Hi, Thanks for your interest in our work.

I am not sure if I understand the question correctly. Would you please explain what do mean by “Can I interpret your work as being based on multi-view? I'm curious about the primary difference between your approach and multi-view.” Specifically, what do you mean by multi-view.

By multi-view, do you mean a network with direct multi-view image input and no re-rendering? If so, there are two sets of disadvantages to this:

  • Maintaining a setup with five cameras positioned at different angles (shown in Fig 3.) is hard. On the other hand, our current system can work with even with one RGBD sensor (as done in our real world experiments) and hence easier to use.

  • Directly using multi-view images without any re-rendering would prevent us from using orthographic projection, 3D augmentation and point correspondence. All these significantly boost performance (Table 2 Left) but require re-rendering.

Let me know if I understood your question correctly and if this helps.

commented

This is exactly the answer I was looking for. Thank you!

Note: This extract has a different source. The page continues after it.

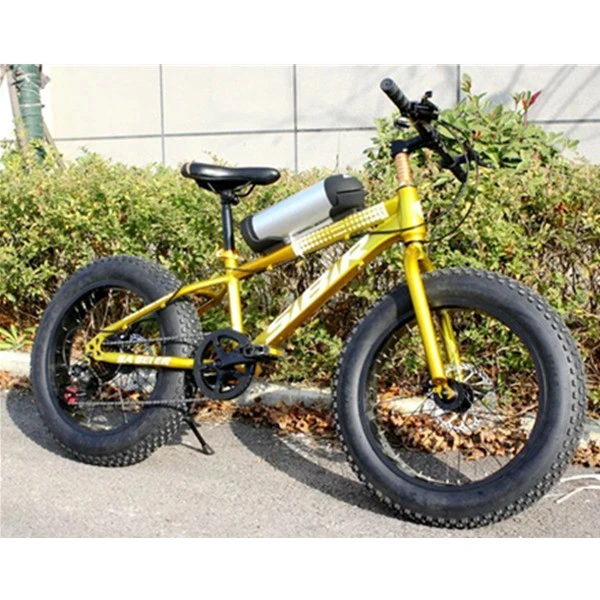 20 Inch 48V 250-1500W Cheap Fat Tire Electric Bike / Full Suspension Electric Mountain Ebike / Fat Bike Electric / Bicycle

Thank you for your excellent work!
I would like to inquire about how the occlusion problem is addressed when there is only one RGBD sensor in the system.
Thanks!

Hi @FinnJob,

Thanks for the kind words. We didn't face any occlusion issues on the tasks we tested on. I suppose with more cluttered scenes this could be an issue, but the framework is flexible enough to allow adding an additional camera if need be.

Hi @FinnJob,

Thanks for the kind words. We didn't face any occlusion issues on the tasks we tested on. I suppose with more cluttered scenes this could be an issue, but the framework is flexible enough to allow adding an additional camera if need be.

Thanks, it helps a lot!